- _TASK DESCRIPTION_
How do the lines read from the one holding "Jari-Matti Latvala, Miikka" through the last line of the listing? Set them down exactly, pictures omitted.

- _GIVEN INFORMATION_
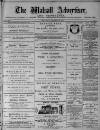 Walsall Advertiser Saturday 12 October 1878 Page 1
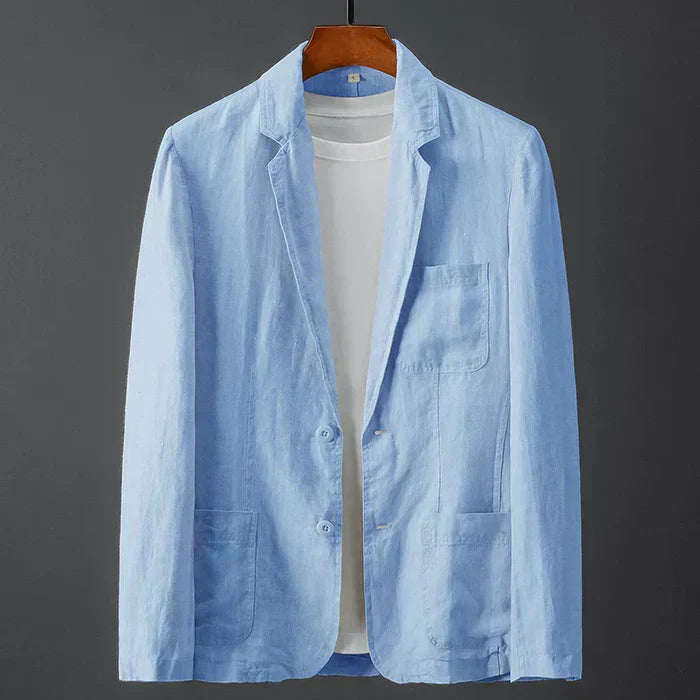 Elegant Premium Linen Blazer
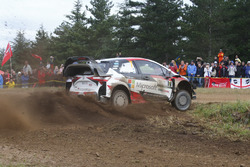 Jari-Matti Latvala, Miikka Anttila, Toyota Gazoo Racing WRT Toyota Yaris WRC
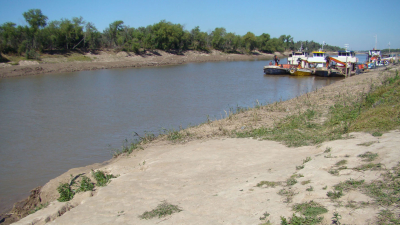 Acciones contrarreloj por la histórica bajante del río Paraná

- _YOUR SOLUTION_
 Jari-Matti Latvala, Miikka Anttila, Toyota Gazoo Racing WRT Toyota Yaris WRC
 Acciones contrarreloj por la histórica bajante del río Paraná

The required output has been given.